How to configure memory limits for the OpenTelemetry Collector¶
The opentelemetry-collector charm applies a memory limiter processor to every pipeline. This processor monitors the collector’s Go heap usage and begins refusing data when memory consumption crosses configurable thresholds:
Soft limit (80% of the hard limit): the processor starts refusing data so that receivers propagate backpressure to their data sources.
Hard limit: the processor additionally forces garbage collection.
The memory_limit_percentage Juju config option sets the hard limit as a percentage of total available memory. The soft limit is always 80% of that value. A value of 0 disables the limiter.
User input (%) |
Hard limit (% of total) |
Soft limit (% of total) |
|---|---|---|
0 |
0 (disabled) |
0 |
50 |
50 |
40 |
100 (default) |
100 |
80 |
Values outside [0, 100] or non-integer strings are rejected: the charm enters BlockedStatus and the Opentelemetry Collector workload process continues operations with the fallback value of 100%.
Warning
The memory limiter processor is not a replacement for properly sizing the host or container where the collector runs. If the collector consistently operates near its memory limit, the correct response is to add resources or scale out; not to raise the limit further.
Identify when the collector is memory-limited¶
The memory limiter reports its activity through logs and metrics.

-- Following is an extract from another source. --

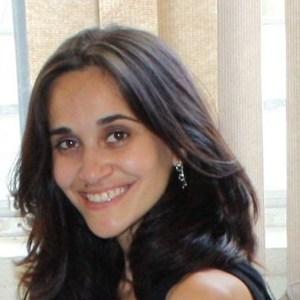 Foto de perfil de Angela Gama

Check current Go heap usage¶
juju ssh <unit> "curl -s http://localhost:8888/metrics" | grep 'go_memstats_alloc_bytes{'
This returns the current Go heap allocation in bytes; the same value the memory limiter monitors (runtime.MemStats.Alloc). Compare it to the configured limits:
juju ssh <unit> "cat /etc/otelcol/config.d/<unit_name>.yaml" | yq '.processors.memory_limiter'
Note
The memory limiter checks heap usage every second, but Prometheus scrapes go_memstats_alloc_bytes much less frequently (typically every minute). Go heap can spike between scrapes, trigger the limiter, and be garbage-collected before the next scrape. A low go_memstats_alloc_bytes value does not mean the limiter has not been triggered; check the otelcol_processor_refused_* counters and collector logs instead.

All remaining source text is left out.